How to Create Your Own Workout Plan

Video Transcript

In today’s transformation coaching session you will learn how to set a goal and put a plan in place to achieve it!

Now Ant loves a good quote, so take it away Ant!

Ok, here goes….

“Fail to Plan, Plan to Fail”

“A goal without a plan, is just a wish”

“If it’s important to you, you will find a way. If it is not, you will find an excuse!”

Now the unfortunate thing is that these are all true.

We like to keep it simple. We use 3 w’s to help us get there

What, Why & Work

What you want, specifically.

Remember you can’t hit a target if you don’t know what you are aiming for.

Ooooooh good one

Why you want it.

Attach some meaning to it.

How would you feel if you didn’t achieve your goal? Visualise yourself not achieving your goal and notice how this makes you feel.

Now visualise yourself achieving your goal and notice how good this makes you feel.

Ok, so you have your what and you know your why, now you need to work towards it.

The plan won’t work if you don’t. It doesn’t matter how good the plan is or your trainer, the only one who can do the work to achieve your goals, is you!

Remember for every goal, there is a price to pay – the only question is “ are you willing to pay the price?”

Now, remember goals should be SMART.

Specific, Measurable, Action Orientated, Realistic & Timed


Your goal needs to be as detailed as possible. You can’t just say lose weight and tone up. It’s too vague. Sure if you weigh yourself, then go to the bathroom and weigh yourself again, you will have lost weight. Sorted! Goal accomplished. Is this what you really meant?

So pick a specific target, for example, 5lbs in 5 weeks.


If you don’t know where you are starting from, how will you know when you get there? So measure yourself at the start and then you can track your progress. If you don’t know what you weigh now, how will you know when you lose 5 lbs?

The same goes with any other measurements like body fat, circumference and even strength.

Action Orientated

As we said before, the plan won’t work unless you do. You need to take action in the direction of your goal.

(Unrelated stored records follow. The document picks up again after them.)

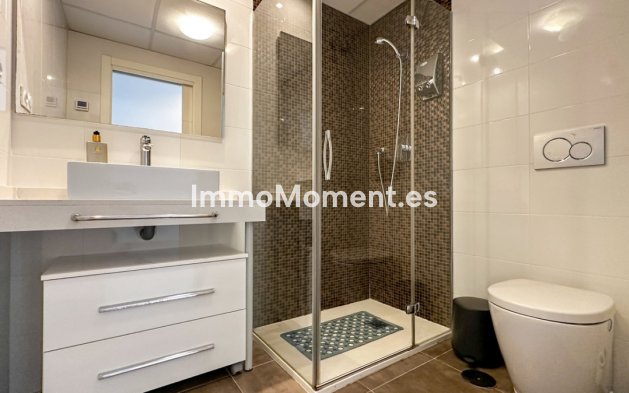 Wiederverkauf - Wohnung - Torrevieja - Torrevieja Centro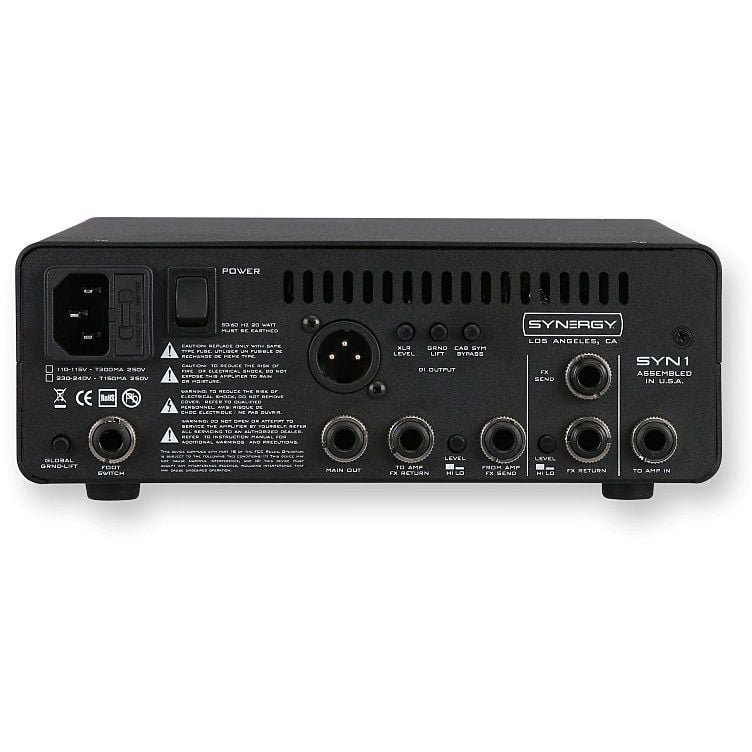 Synergy SYN-1 2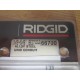 Ridgid 66700 BEC Conduit Die Set 12-58"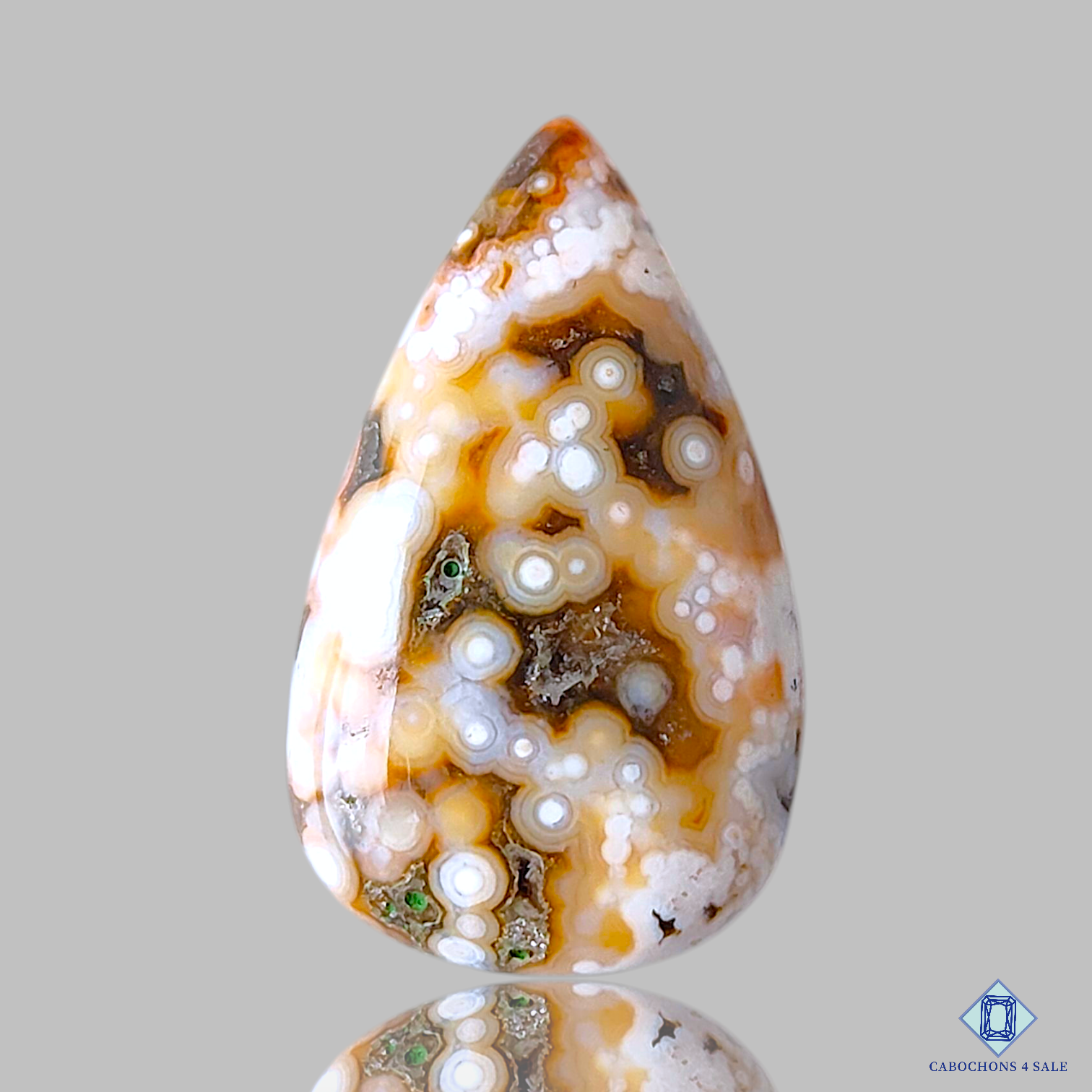 Ocean Jasper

It’s alright saying I want to travel abroad but if I don’t actually go to the airport I am never going to get there. Set your goal and work towards it.


Let’s face it, you are setting yourself up to fail if your goals are too unrealistic. You can’t lose 2 stone in 2 weeks or gain a massive amount of muscle in a week. Be realistic with your goal setting and stay consistent in the process. Results don’t happen overnight. Be patient.


Set yourself a time limit. You don’t want to just say lose 5lbs and leave the date open. Sure you could lose 5lbs over 5 years, but is that what you really want?

Now it’s time to get into the Day to Day steps of achieving that goal.

You need to plan your days and weeks out.

Plan what you want to eat for the week ahead, get your food shop in and prep your food. Don’t just wing it every day and then grab whatever’s handy.

Let’s face it, whatever’s handy is usually not that good for you, unless you are reaching for fruit.

We like to batch cook once or twice a week. That way we don’t have to think about what we are eating next, as it’s already prepared. Plus it prevents food waste.

Plan when you are going to do your workouts. Make them like little meetings. Put them in your diary/calendar. If you have them set out, you are less likely to skip them. That’s why we give schedules with our plans and accountability checks. It’s important to be held accountable as you are more likely to succeed.

Remember consistency is key.

I feel a quote coming on

As Robert Collier said

“Success is the sum of small efforts repeated day in and day out”

And I will finish off with one from Arnie

“you can have results or excuses, but you can’t have both”.